[THE DATA]
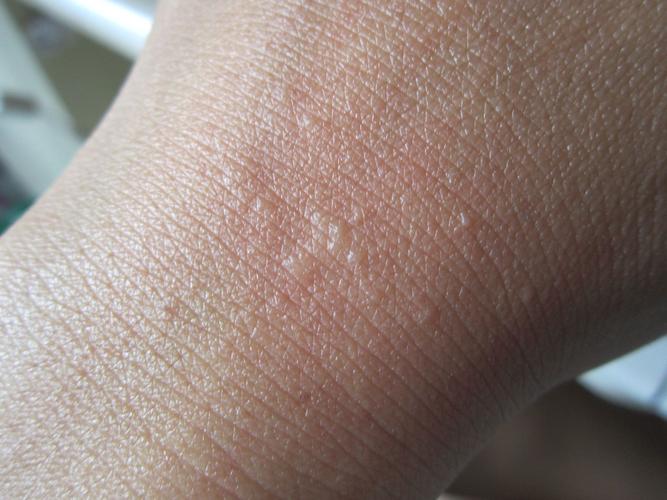 手背上和手指间长了白色的小水泡,手腕上也有两个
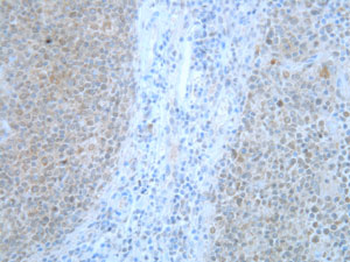 Mad2L1 Monoclonal Antibody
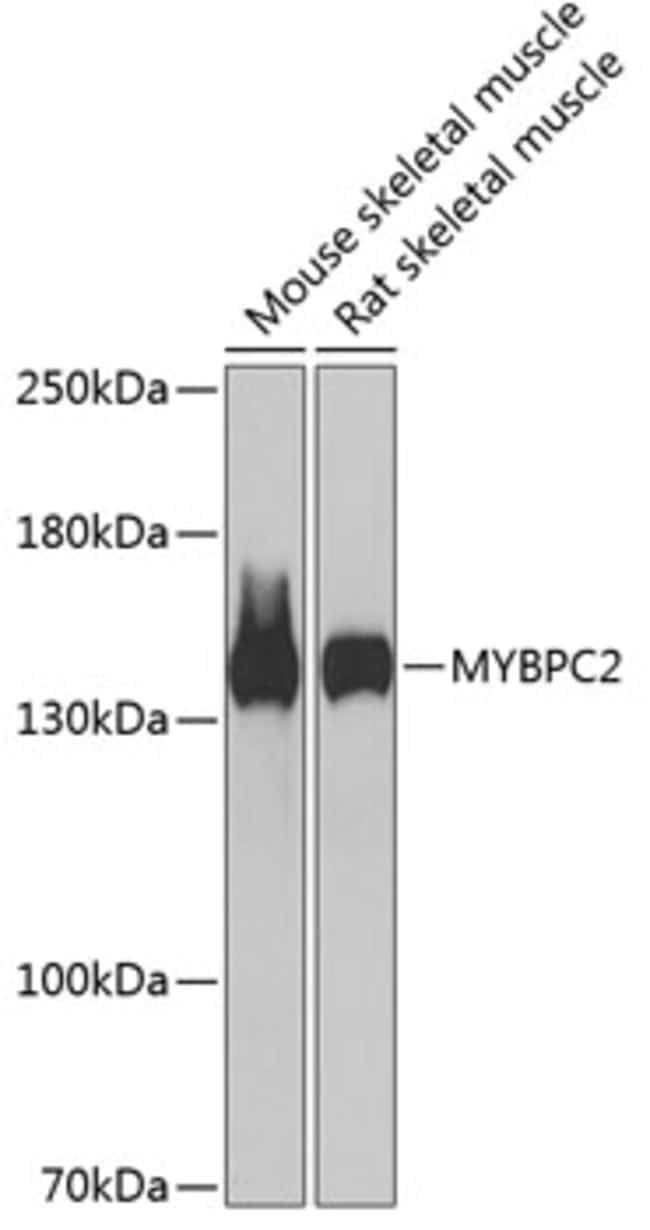 100UL MYBPC2 ANTIBODY 100 ul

[WORK INSTRUCTIONS]
Omitting the pictures, write out the material above exactly as it stands.

[EXERCISE ANSWER]
 手背上和手指间长了白色的小水泡,手腕上也有两个
 Mad2L1 Monoclonal Antibody
 100UL MYBPC2 ANTIBODY 100 ul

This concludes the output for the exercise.